Dataset records
• • •
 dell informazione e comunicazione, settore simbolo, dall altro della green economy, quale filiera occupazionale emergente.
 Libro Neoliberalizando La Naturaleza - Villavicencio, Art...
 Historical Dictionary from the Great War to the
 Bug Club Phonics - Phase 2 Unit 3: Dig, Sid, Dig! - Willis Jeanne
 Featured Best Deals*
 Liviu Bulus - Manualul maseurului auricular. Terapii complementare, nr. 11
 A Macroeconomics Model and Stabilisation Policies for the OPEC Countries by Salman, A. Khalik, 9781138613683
• • •
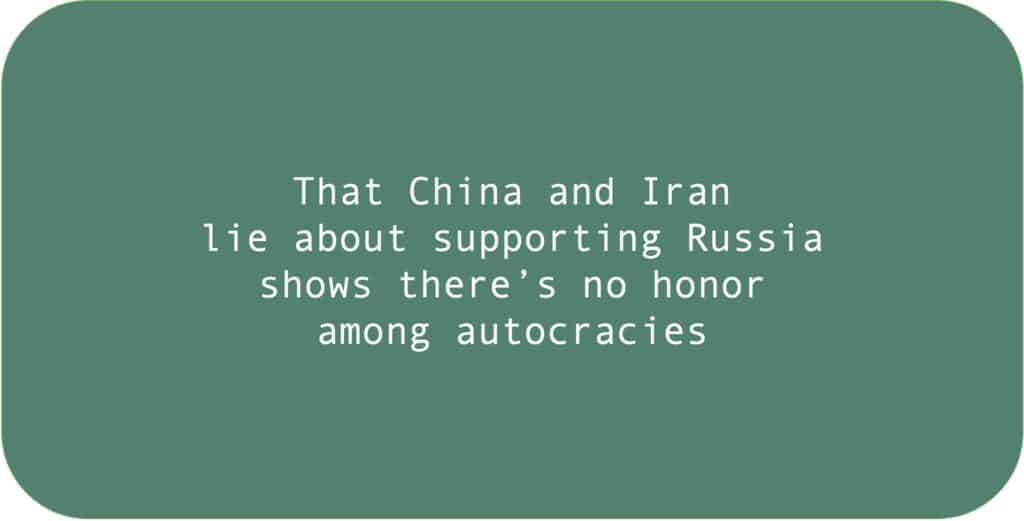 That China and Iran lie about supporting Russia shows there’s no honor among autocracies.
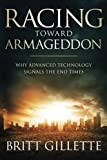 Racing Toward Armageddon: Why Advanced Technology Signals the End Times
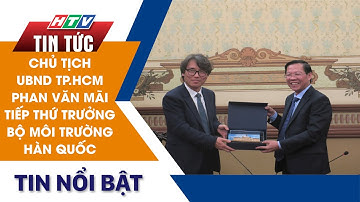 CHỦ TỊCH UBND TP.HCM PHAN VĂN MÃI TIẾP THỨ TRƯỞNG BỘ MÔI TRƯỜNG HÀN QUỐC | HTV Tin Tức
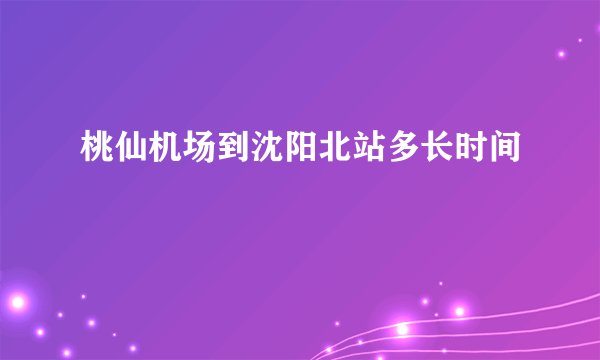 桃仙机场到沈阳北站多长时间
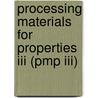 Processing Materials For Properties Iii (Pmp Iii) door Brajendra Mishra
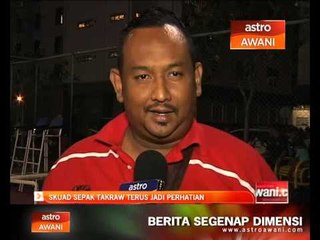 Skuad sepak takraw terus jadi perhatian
• • •
_Task statement:_
Would you output, from the records above, exactly the run of lines that starts at the line containing "Historical Dictionary from" and ends at the line containing "Liviu Bulus - Manualul", and only that run?

_Result of the exercise:_
 Historical Dictionary from the Great War to the
 Bug Club Phonics - Phase 2 Unit 3: Dig, Sid, Dig! - Willis Jeanne
 Featured Best Deals*
 Liviu Bulus - Manualul maseurului auricular. Terapii complementare, nr. 11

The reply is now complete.